Set down a faithful copy of every record below, with no images.

START Records for the task

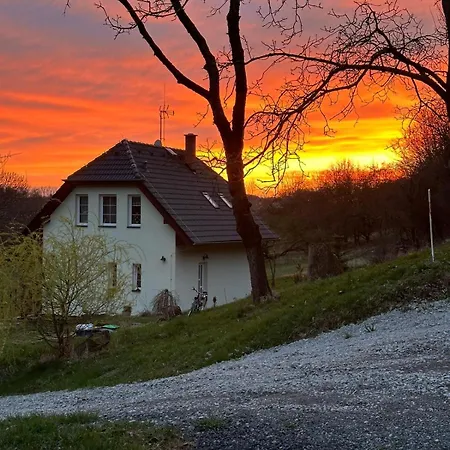 Veselka بيت للعطل *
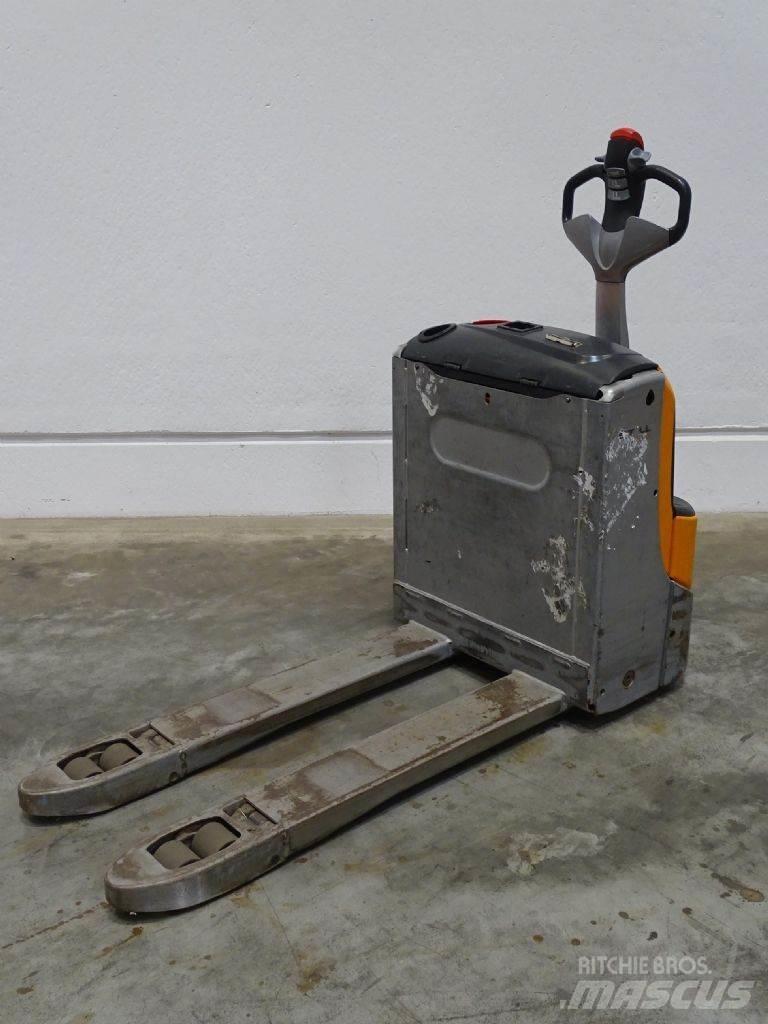 Still EXU16 Transpallet manuale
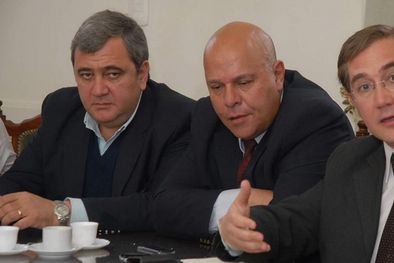 MDZol | Tanús (derecha) salió otra vez con los botines de punta contra el Gobierno. Foto: Prensa Diputados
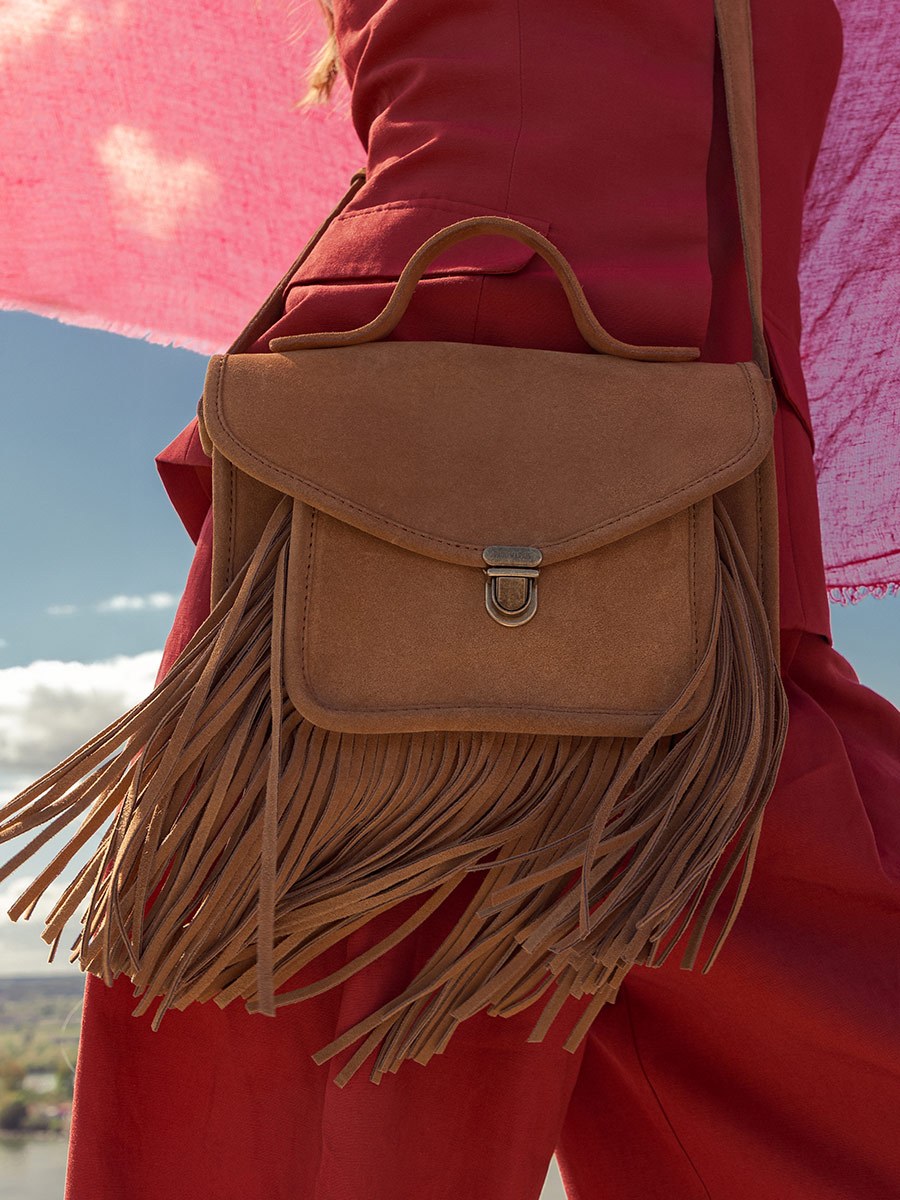 Sac à main à franges Paul Marius Mademoiselle George Folk en cuir suédé havane
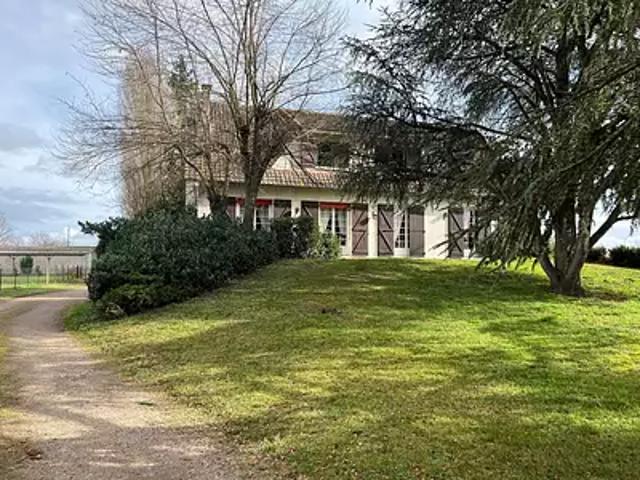 Maison vente à Saint-Amand-Montrond, Coust
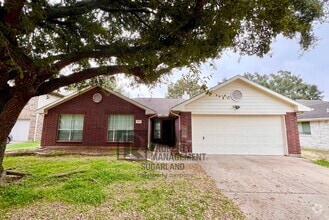 Building Photo - 1405 Manor Dr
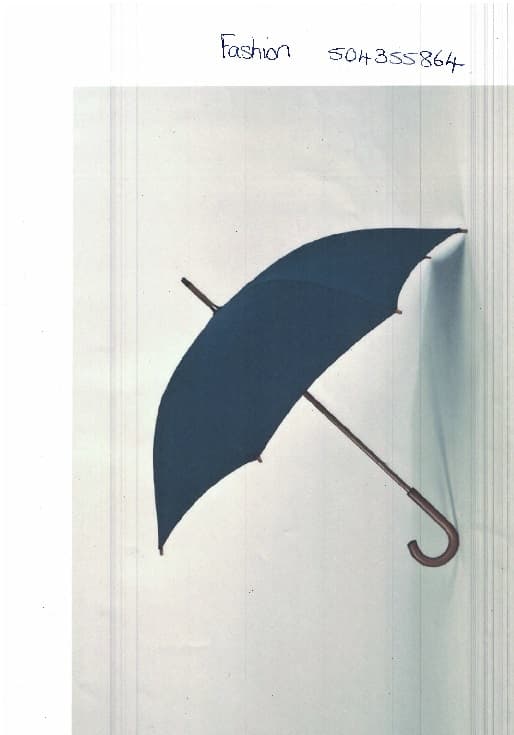 BESPOKE WALKING LENGTH UMBRELLA WITH MANUAL OPENING. WOODEN POLE AND CROOK HANDLE. FIBREGLASS RIBS. POLYESTER CANOPY IN NAVY BLUE.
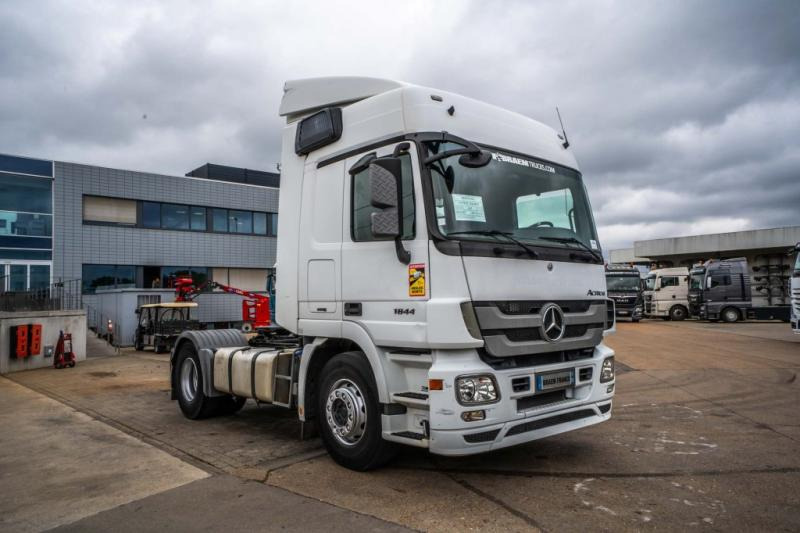 Mercedes ACTROS 1844 LS-MP3+VOITH - Ťahač: obrázok 2 Mercedes ACTROS 1844 LS-MP3+VOITH - Ťahač: obrázok 2
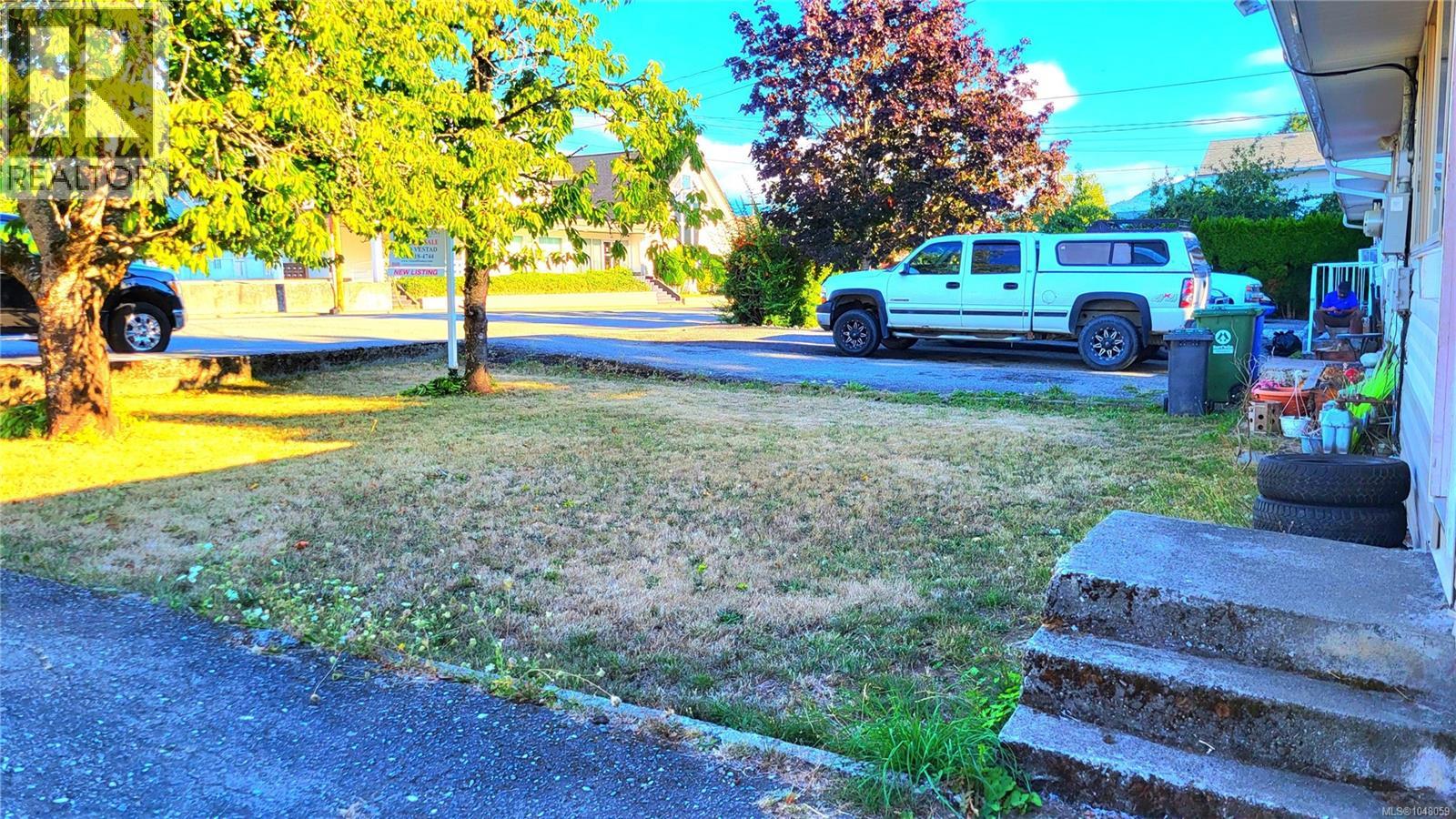 4034 6th Ave - 4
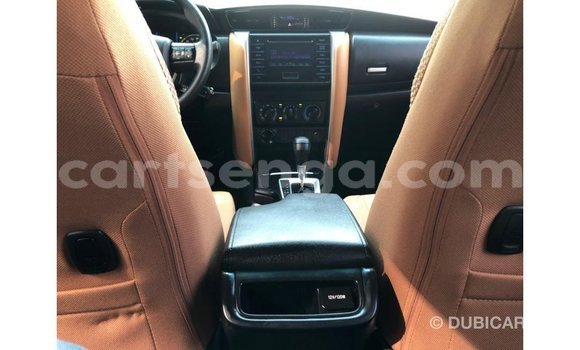 Nunua Imported Toyota Fortuner White Gari ndani ya Import - Dubai nchini Hhohho Nunua Imported Toyota Fortuner White Gari ndani ya Import - Dubai nchini Hhohho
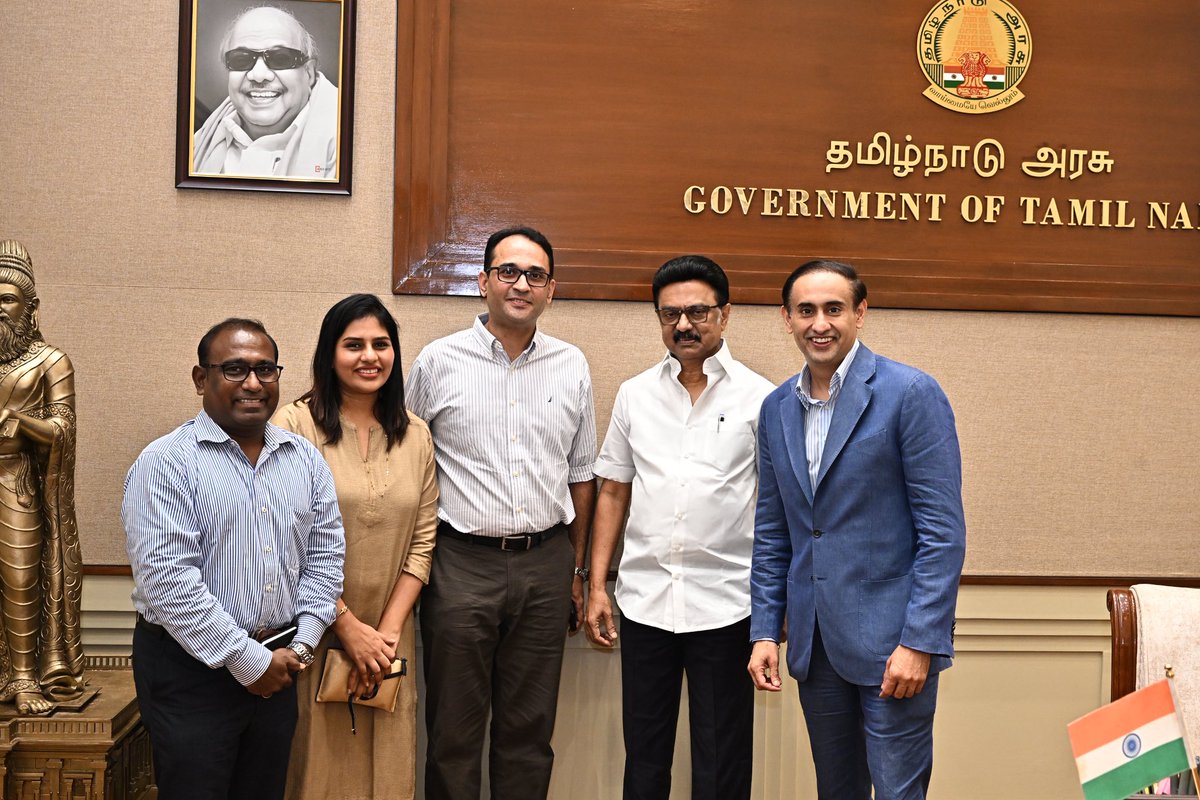 rahulkanwal's tweet image. Insightful day in Chennai meeting the movers and shakers of Tamil Nadu politics. With elections due in the state in the first half of next year, political activity is heating up. CM @mkstalin is attempting to rewrite recent DMK history by winning two successive terms. The…
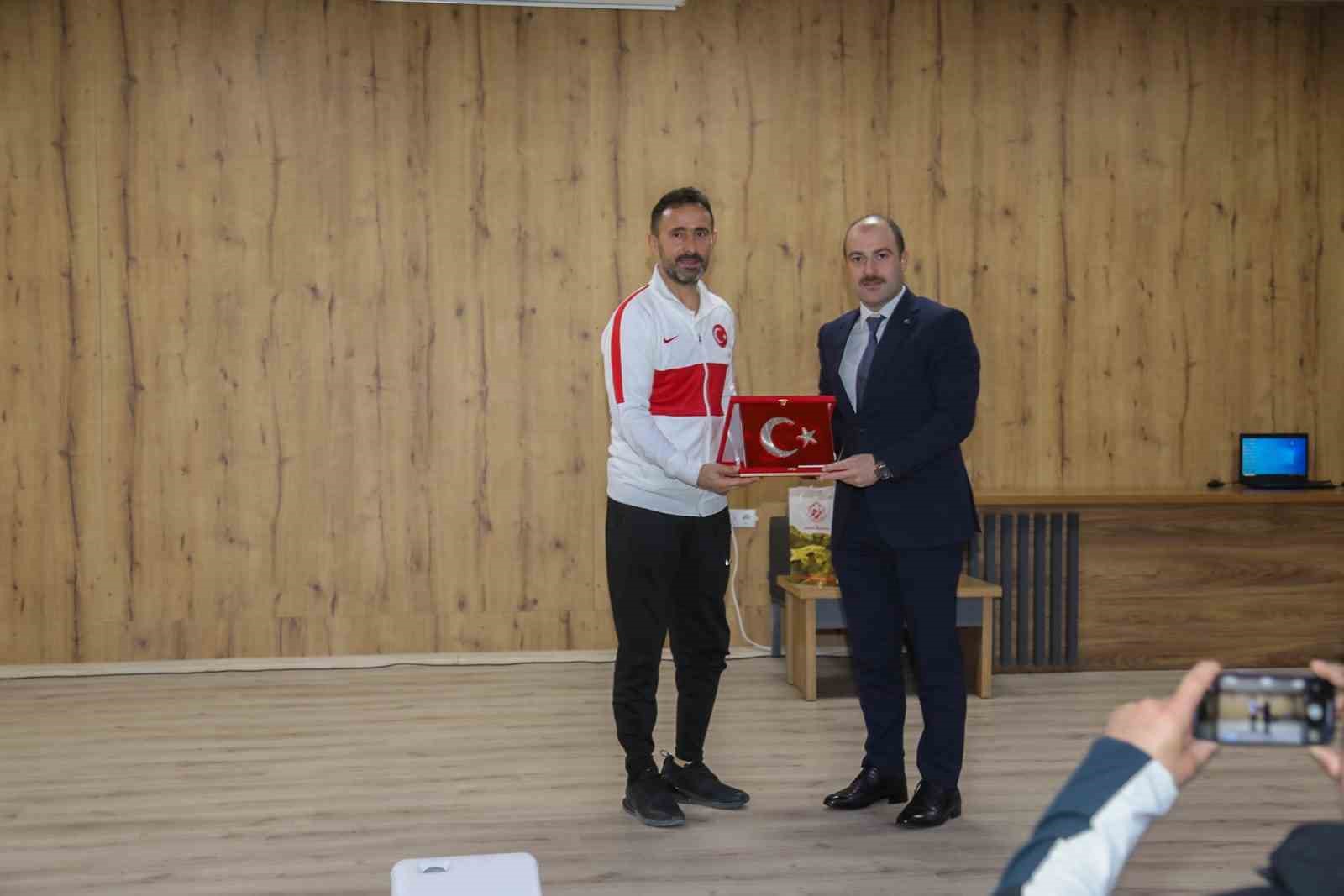 Milli antrenör Başkalelilerle bir araya geldi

END Records for the task

§ Written answer
 Veselka بيت للعطل *
 Still EXU16 Transpallet manuale
 MDZol | Tanús (derecha) salió otra vez con los botines de punta contra el Gobierno. Foto: Prensa Diputados
 Sac à main à franges Paul Marius Mademoiselle George Folk en cuir suédé havane
 Maison vente à Saint-Amand-Montrond, Coust
 Building Photo - 1405 Manor Dr
 BESPOKE WALKING LENGTH UMBRELLA WITH MANUAL OPENING. WOODEN POLE AND CROOK HANDLE. FIBREGLASS RIBS. POLYESTER CANOPY IN NAVY BLUE.
 Mercedes ACTROS 1844 LS-MP3+VOITH - Ťahač: obrázok 2 Mercedes ACTROS 1844 LS-MP3+VOITH - Ťahač: obrázok 2
 4034 6th Ave - 4
 Nunua Imported Toyota Fortuner White Gari ndani ya Import - Dubai nchini Hhohho Nunua Imported Toyota Fortuner White Gari ndani ya Import - Dubai nchini Hhohho
 rahulkanwal's tweet image. Insightful day in Chennai meeting the movers and shakers of Tamil Nadu politics. With elections due in the state in the first half of next year, political activity is heating up. CM @mkstalin is attempting to rewrite recent DMK history by winning two successive terms. The…
 Milli antrenör Başkalelilerle bir araya geldi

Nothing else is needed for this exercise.